RFR (S) 8049304: race between VM_Exit and _sync_FutileWakeups->inc()

Wed Sep 2 14:49:49 UTC 2015

Hi,
I'm a bit confused on one point... Since you now only call 
PerfDataManager::destroy at a safepoint, why do you still have the 
comment about 'the race'  and the sleep?
Tom

On 9/2/2015 7:52 AM, Daniel D. Daugherty wrote:
> David,
>
> Thanks for the very fast re-review!
>
> Enjoy your vacation!
>
> Dan
>
>
> On 9/2/15 2:54 AM, David Holmes wrote:
>> Hi Dan,
>>
>> On 2/09/2015 2:45 PM, Daniel D. Daugherty wrote:
>>> Greetings,
>>>
>>> I've updated the "fix" for this bug based on code review comments
>>> received in round 1. I've dropped most of the changes from round 1
>>> with a couple of exceptions.
>>
>> I have no further comments - it all looks good to me. If others want 
>> the pendulum to swing back a little from this position then ... 

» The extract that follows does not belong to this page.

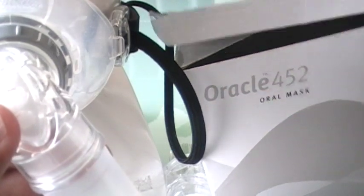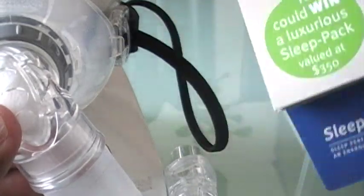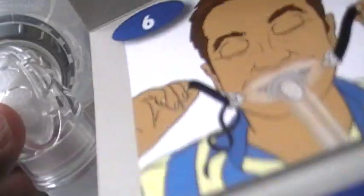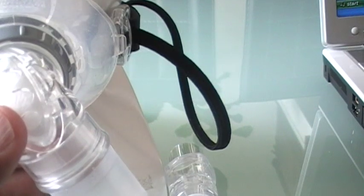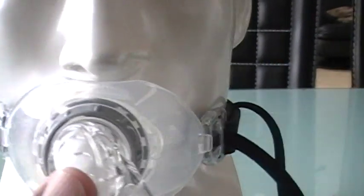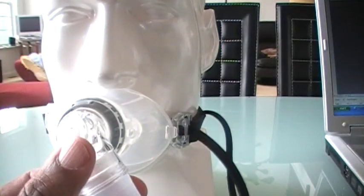It's called the Oracle 452 mask. It comes with instructions like this — like Ikea instructions with hardly any writing on it. Let me introduce you to the Oracle 452. This just goes into your mouth.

>> nothing that has been suggested is functionally wrong. :)
>>
>> Thanks,
>> David
>> -----
>>
>> PS. When you get back from vacation I'll be gone for a month. That 
>> gives you a large window to push other things through with less 
>> stress ;-)
>>
>>
>>> JDK-8049304 race between VM_Exit and _sync_FutileWakeups->inc()

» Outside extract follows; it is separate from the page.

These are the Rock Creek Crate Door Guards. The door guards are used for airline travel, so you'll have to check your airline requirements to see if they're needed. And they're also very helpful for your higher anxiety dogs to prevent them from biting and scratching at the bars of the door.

>>> https://bugs.openjdk.java.net/browse/JDK-8049304
>>>
>>> Webrev URL: 
>>> http://cr.openjdk.java.net/~dcubed/8049304-webrev/2-jdk9-hs-rt/
>>>
>>> The easiest way to re-review is to download the two patch files
>>> (round 0 and round 2) and view them in your favorite file merge tool:
>>>
>>> http://cr.openjdk.java.net/~dcubed/8049304-webrev/0-jdk9-hs-rt/hotspot.patch 
>>>
>>>
>>> http://cr.openjdk.java.net/~dcubed/8049304-webrev/2-jdk9-hs-rt/hotspot.patch 
>>>
>>>
>>>
>>> Testing: Aurora Adhoc RT-SVC nightly batch (in process)
>>>           Aurora Adhoc vm.tmtools batch (in process)

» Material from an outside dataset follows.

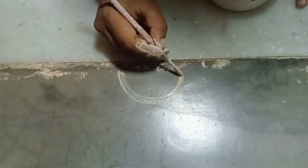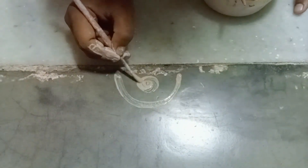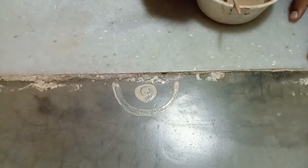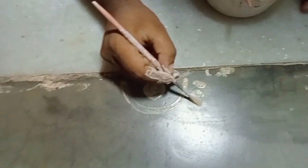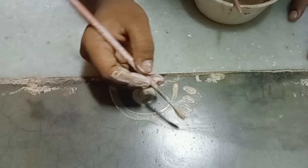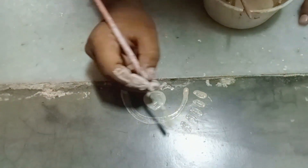Hello everyone, welcome to my YouTube channel. In this video, I'm going to show you a little bit about Alpuna. If you want to share this video, please share the video about Alpuna.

>>>           Kim's repro sequence for JDK-8049304
>>>           Kim's repro sequence for JDK-8129978
>>>           JPRT -testset hotspot
>>>
>>> Changes between round 0 and round 2:
>>>
>>> - clarify a few comments
>>> - init _has_PerfData flag with '0' (instead of false)
>>> - drop unnecessary use OrderAccess::release_store() to set
>>>    _has_PerfData to '1' (we're in a Mutex)
>>> - change perfMemory_exit() to only call PerfDataManager::destroy()
>>>    when called at a safepoint and when the StatSampler is not
>>>    running; this means when the VM is aborting, we no longer have
>>>    a race between the original crash report and this code path.
>>>
>>> Changes between round 1 and round 2:
>>>
>>> - clarify a few comments
>>> - drop is_safe parameter to OM_PERFDATA_OP macro
>>> - init _has_PerfData flag with '0' (instead of false)
>>> - drop OrderAccess::fence() call before os::naked_short_sleep() call
>>> - drop PerfDataManager::has_PerfData_with_acquire()
>>> - drop unnecessary use OrderAccess::release_store() to set
>>>    _has_PerfData to '1' (we're in a Mutex)
>>>
>>> I believe that I've addressed all comments from round 0 and
>>> from round 1.
>>>
>>> Thanks, in advance, for any comments, questions or suggestions.
>>>
>>> Dan
>>>
>>>
>>> On 8/31/15 4:51 PM, Daniel D. Daugherty wrote:
>>>> Greetings,
>>>>
>>>> I've updated the "fix" for this bug based on code review comments
>>>> received in round 0.
>>>>
>>>> JDK-8049304 race between VM_Exit and _sync_FutileWakeups->inc()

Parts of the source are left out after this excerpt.